Ante el ataque del ELN, Duque hizo intervenciones claras y contundentes. La seguridad se convirtió en el tema bandera que, hasta ahora, no tenía su gobierno.

Lo mismo ocurrió con la crisis del país vecino. Duque ha sido uno de los políticos más comprometidos con una actitud firme frente a la deriva autoritaria de Nicolás Maduro. Desde la campaña a la presidencia anunció que lo demandaría ante la Corte Penal Internacional y desde el 7 de agosto ha fortalecido su discurso.
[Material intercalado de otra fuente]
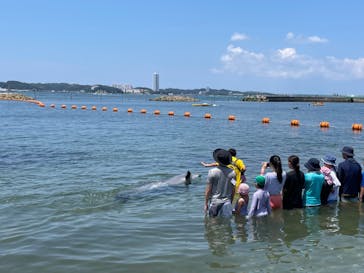 日間賀島ドルフィンビーチに投稿された画像（2023/7/23）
Siempre se refiere a Maduro como un dictador, cosa que no hace con otros mandatarios autoritarios del mundo, y además insistió en no mandar un embajador a Caracas, sino en mantener las relaciones en el nivel de un encargado de negocios como señal de rechazo al autoritarismo del Gobierno.

La actitud dura hacia Venezuela no se ha limitado al presidente. El embajador en Estados Unidos, Francisco Santos, después de presentarle credenciales diplomáticas a Donald Trump, llegó a insinuar que Colombia apoyaría una intervención militar foránea contra Nicolás Maduro. Estas actitudes recibieron críticas incluso en el seno del Gobierno. Pero más allá de que pudieron ser precipitadas y exageradas, tuvieron algún grado de reivindicación la semana pasada. La comunidad internacional se dividió en torno a la autoproclamación de Guaidó, pero la gran mayoría de los países más cercanos a Colombia se alinearon en la fila de quienes quieren la salida de Maduro. Trump se anticipó a reconocer a Guaidó como presidente y varios países siguieron un camino semejante -mientras Maduro respondía con la ruptura de lazos diplomáticos con Washington-. Desde Davos, donde participaba en el Foro Económico Mundial, el presidente Duque junto con su colega de Brasil Jair Bolsonaro, la vicepresidenta del Perú Mercedes Araoz, y la canciller canadiense Chrystia Freeland, también reconocieron la presidencia de Guaidó.

Duque lideró la marcha de rechazo al atentado del ELN. Y en Davos, Suiza, con Jair Bolsonaro a su lado, estuvo al frente de las gestiones contra Maduro en Venezuela. Con ambos temas llenó el vacío que había, hasta ahora, en cuanto a un discurso concreto del Gobierno.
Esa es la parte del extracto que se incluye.